New water teaches you to use your mind, discover what the lay of the land is telling you, and try different baits. You’ve researched the lake and found out that a drop shot is the way to catch numbers, and a swimbait is how they catch the big fish. Now you get to research not only the lake but drop shots and swimbaits! Every corner, bend, hump, point, bluff wall, present an “I wonder” in your brain. It’s fun, exciting, as well as extremely challenging. The challenge of catching bass is what keeps bass anglers coming back for more. What better way to accelerate that challenge than trying to find bass on a new lake.
For me, fishing new water is exciting from the moment I decide that I’m going. Every part of my research pulls me deeper into a zone of anticipation that gets so strong that, by the time I get to the water, I’m ready to explode. Sleeping the night before is virtually impossible. Being fortunate to have retired from the military in an area that there are several small lakes very close, I get to bass fish as often as my body will let me. Expenses associated with a 10 – 20 mile drive and a lake that isn’t but 5 or 6 miles long are not that bad. However, I know these lakes inside and out, I know everything about them. I try to find ways to challenge myself, but it’s extremely difficult. After an hour or two of a failed experiment, I’m off to my favorite dock, or favorite drop off to catch a few bass. So learning just doesn’t happen unless my choice of experimenting starts catching them quickly. New bass lakes change all of that.
I once coordinated a seminar for Clark Reehm. After he ate with everyone and conducted his seminar, he opened the floor to questions. An angler asked Clark, “If I’m fishing an area for an hour and don’t get a bite, when/how do you know it’s time to leave?” Clark replied, “Why did you stay so long?”
I bring this up because it fits when fishing new water. You’ve probably done hours of map study before you got to the lake. You have marked who knows how many possible bass holding locations. Today’s electronics allow you to eliminate water quickly, but once you find bass holding on a piece of structure, give them a shot. Either they are feeding or not. If they are feeding then enjoy catching them. If not, move to your next location. According to Clark, 10-15 minutes are enough to tell you if they are feeding. I’ve talked with other professionals of the sport that say 10-12 casts is enough to know if it’s a spot you want to keep working. The point here is, explore, don’t get hung up on the “perfect location”. It could produce bass, but if it doesn’t move on. You have a whole new world in front of you!

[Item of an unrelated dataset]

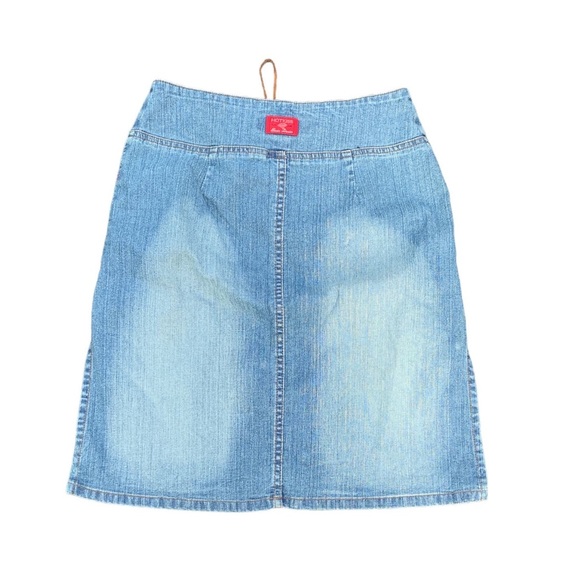 Woman’s Jean Skirt - Picture 4 of 4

The most exciting part of fishing a new lake is, once I’ve found a pattern, exploring and duplicating that pattern. For me, the adrenalin rush to find as many bass as I can before the sun goes down is awesome! Hopping location to location, trying to find the smallest details that can ensure you’re going to catch a bass. There is nothing better. I love finding a pattern on a new body of water that is so strong I can call my shots. Knowing that when I run a spinnerbait past that brush pile under that dock, I’m going to get a bite! That’s pure satisfaction for me. I guess it would be like a big game hunter that did all his prep work, set up his blind or stand, got in the woods early, and right at first light his trophy walks out in front of him.
Once I’ve found that bass are using a specific type of cover or structure, I’ll start scanning the lake with electronics or visually, which ever the case, and find as many locations as I can. I’ll spot check a few just to make sure I’m not missing something. Mostly, I am setting up a game plan for the next day, hopefully there is a next day. If not, I’ll slow down some and enjoy catching as many bass as possible.

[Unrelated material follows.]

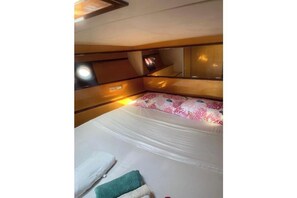 Room - Houseboat (Lido di Ostia)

A new bass fishing lake can teach you and expand your abilities. The scenery can be breathtaking, and the wildlife can leave you in awe. We get very accustomed to the waters we normally fish, and we as anglers can sometimes dial out what is around us. On a new body of water, your senses are alive again, and your brain is soaking in everything around you. If you don’t regularly check out some new angling lakes or rivers occasionally, you’re limiting what bass fishing is all about!